Today is my first day of retirement. I’ve e-signed all the paperwork; there was a (virtual) going-away party; my computer no longer accepts my work login. I spent September “on vacation” with the idea that my last day would be at the beginning of October so as to extend my healthcare coverage another month. And so it has come to pass.
Grad school, 1980
I spent just over 41 years in the tech industry, which was sort of accidental. I had moved to Seattle in 1979 to go to grad school at UW. At the end of my first year, one of my fellow students asked “Hey, do you need a summer job?” And so I ended up working for a company that provided litigation support: outsourced computer-based facilities for law firms. For us, this mostly consisted of reading and “coding” documents (onto paper forms) for things that the lawyers were looking for.
The woman who ran the company had an interesting approach to hiring the minions for this job: she hired only graduate students, it didn’t matter what major. Her theory was that graduate students had shown that they knew how to read carefully and critically. We read depositions, real-estate sales documents, all sorts of stuff. Most of it wasn’t that interesting, and our role was very specific, namely to look for keywords or particular numbers or other small details. As it happens, this was good training for my later career, though of course I didn’t know it then.
When my TA position ran out at UW, I went to work full time for that same company. The timing was fortunate. The IBM PC had just come out, and law firms were interested in what they could do with this new device. Our company quickly created a couple of document-management products, and I ended up doing support and training and even some programming.
From there, my career was similar to that of many others. I moved from this startup to another to another. One of the companies afforded me and the family an opportunity to spend a couple of years in the UK.
With my daughter at Stonehenge in 1990
At some point I moved from being a kind of roving generalist into being a documentation writer. This was back when we still included printed documentation with a product and had to worry about page counts and lead time for printers and bluelines.

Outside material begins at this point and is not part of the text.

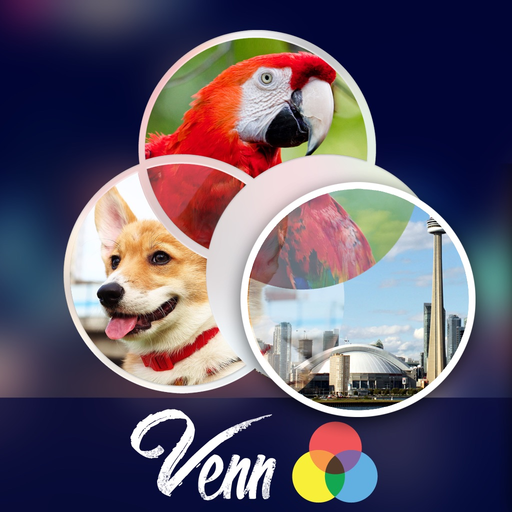 Venn: Jigsaw Puzzle app icon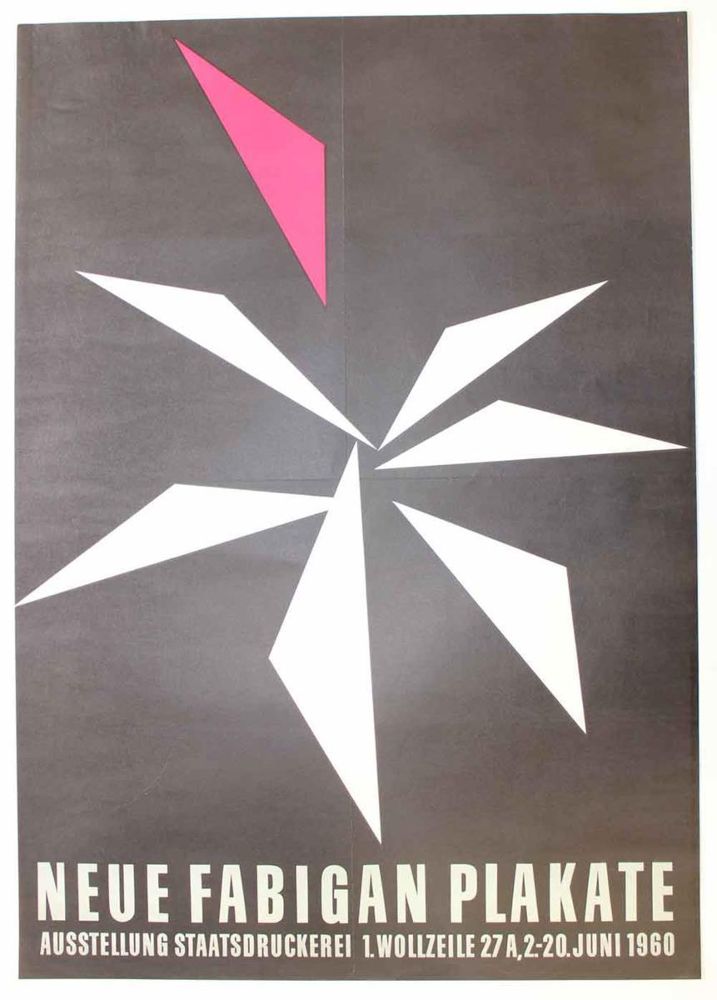Große Abbildung Nr.155: 122-2237 Kunstausstellungen.: (Plakate)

In 1992 I got a job with one of Paul Allen’s software companies (Asymetrix), and when that company started teetering, I moved to Microsoft.
I spent 17 years there in all. I had a brief period in Microsoft BoB, a product that was mocked out of the marketplace (but that imo had a lot of very good ideas behind it). I spent the rest of my Microsoft career in the Developer Division, working on a bunch of products that had the word “Visual” in their name: Visual Foxpro, Visual Interdev, Visual Basic, Visual Studio.
About halfway through my Microsoft stint, one of the editors retired, and I made a pitch to the manager of the editing team that she should bring me on as an editor. She took this chance, and so I embarked on a formal career as an editor; I alternated between writing and editing for the rest of my time.
When Microsoft had exhausted me, I followed some former colleagues to Amazon as a writer in AWS IAM, a cloud authentication/authorization technology. Unlike some people, I had a good experience at Amazon. Even so, when I was offered a chance to work as a writer at Tableau, I took that. And from there I again followed more colleagues and moved to Google, where I spent just over 6 years editing solutions and related materials, and trying to figure out how to leverage the work of about a dozen editors across a team of hundreds of writers.
I appreciate that there was a lot of luck in my career. I was in the right place (Seattle) at the right time (start of the PC industry). I had just enough background, namely a smattering of experiences with FORTRAN and BASIC. Opportunities came up at the right time (a summer job, a retiring editor). People repeatedly gave me chances or offered opportunities or made career-changing suggestions. My friend Robert (also a writer/editor) and I have over the years kept coming back to this theme: how just plain fortunate we've been in our careers.
Portrait by friend Robert
I have no regrets about my career. Way back when I was an undergraduate and taking a class in BASIC, the prof casually asked me whether I’d considered a computer science major. Oh, no, was my answer—my math debt was so vast that I would have spent years of coursework just to meet the math prerequisites. And so I pursued the humanities and am very happy to have been able to do so, and I like to think that I was able to blend what I learned in school with what I learned on the job.
The tech industry has its issues, no doubt. But for me, at least, it also offered an opportunity to work with many, many smart people who were doing interesting things at world-class companies. Above all—and this is a cliché, but it’s still true—I’m going to miss working with the people.
People ask what I’m going to do in retirement. I kind of kid when I tell people that the first thing I’m going to do is learn to not work. But there’s a grain of truth there. I have many interests, but which ones I’ll really get into, and whether there are other, new interests that I’ll develop, remains to be seen.